By Judy Rife
July 7, 2018
WARWICK — Laura Soons Thorton steadily replaced the boxes of pies and the trays of pastries as the crowd of customers surged in search of Dad’s favorite on Father’s Day at the Warwick Valley Farmers Market.
As they clutched their boxes of Scotty’s Pies and waited to fork over their $17.50, Thorton fielded questions from the uninitiated.
Yes, we make everything from scratch. Yes, we roll the dough by hand. Yes, we use our own recipes. Yes, we use fruit from our own orchards.
“They’re the best,” volunteered one customer.

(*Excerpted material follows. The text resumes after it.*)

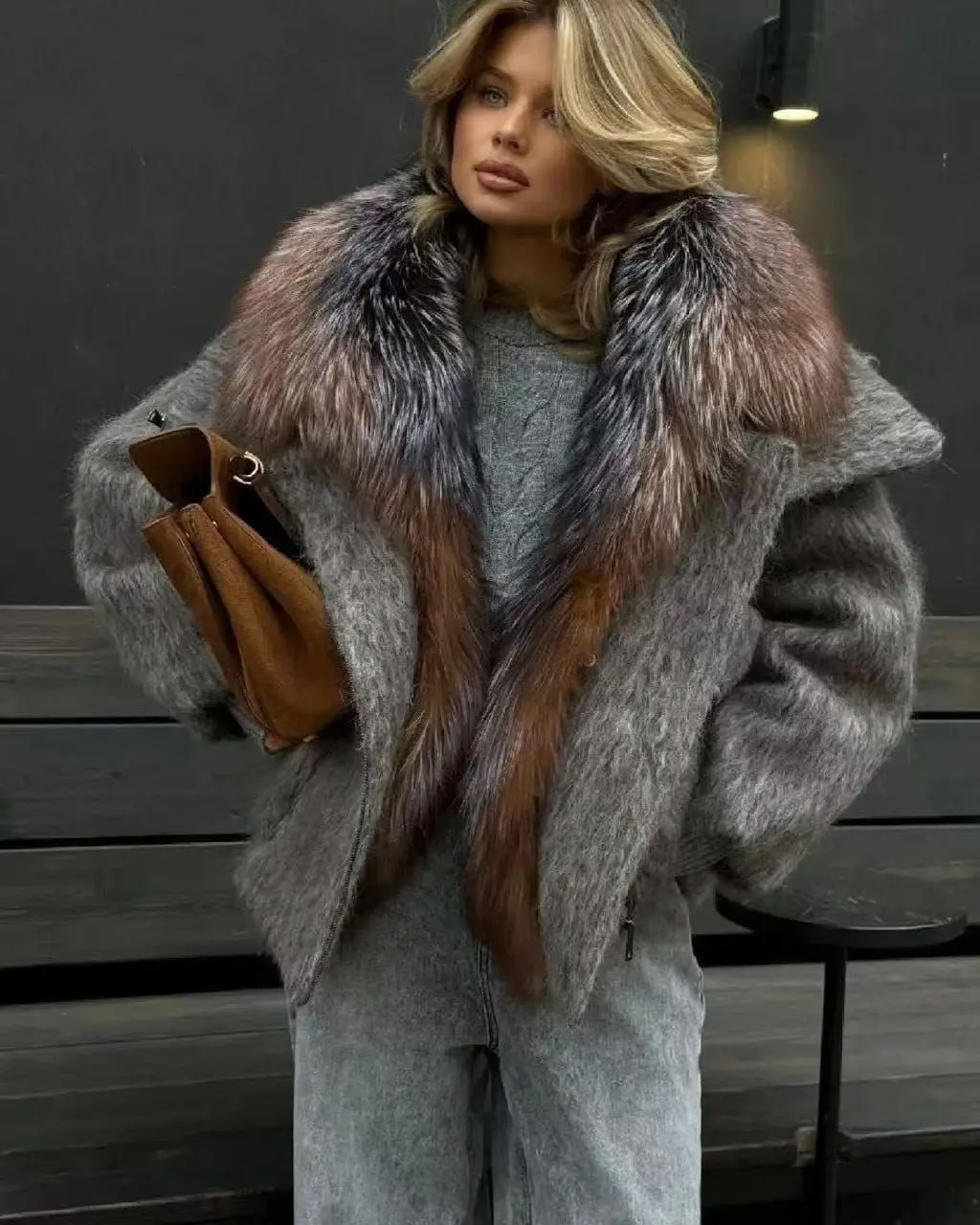 OFTBUY Luxury Short Big Fox Fur Goose Down Coat Female Natural Fur Puffer Jacket New Autumn Winter Thickened Warm Clothes Women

“Yes, they are,″ echoed another. “I’ve been coming here for years.″
But Thorton, who sold 35,000 pies last year at three markets and her family’s Soons Orchards in New Hampton, said business isn’t what it used to be.
“The past several years, it’s been off, and it’s not just here or just me,″ said Thorton. “We all talk about it among ourselves. We can’t figure it out.”
Trouble in paradise
This summertime, livin’ is uneasy at the farmers markets that have become almost a Hudson Valley birthright.
There’s a general sense that sales have thinned at markets of all shapes and sizes, even where crowds have not. Speculation about why, suddenly, there is trouble in paradise abounds among market managers and vendors.
Is the time of day and day of week a good fit for the community? What about the location? Is there a good mix of vendors? What about their prices? Is enough being done to promote the market?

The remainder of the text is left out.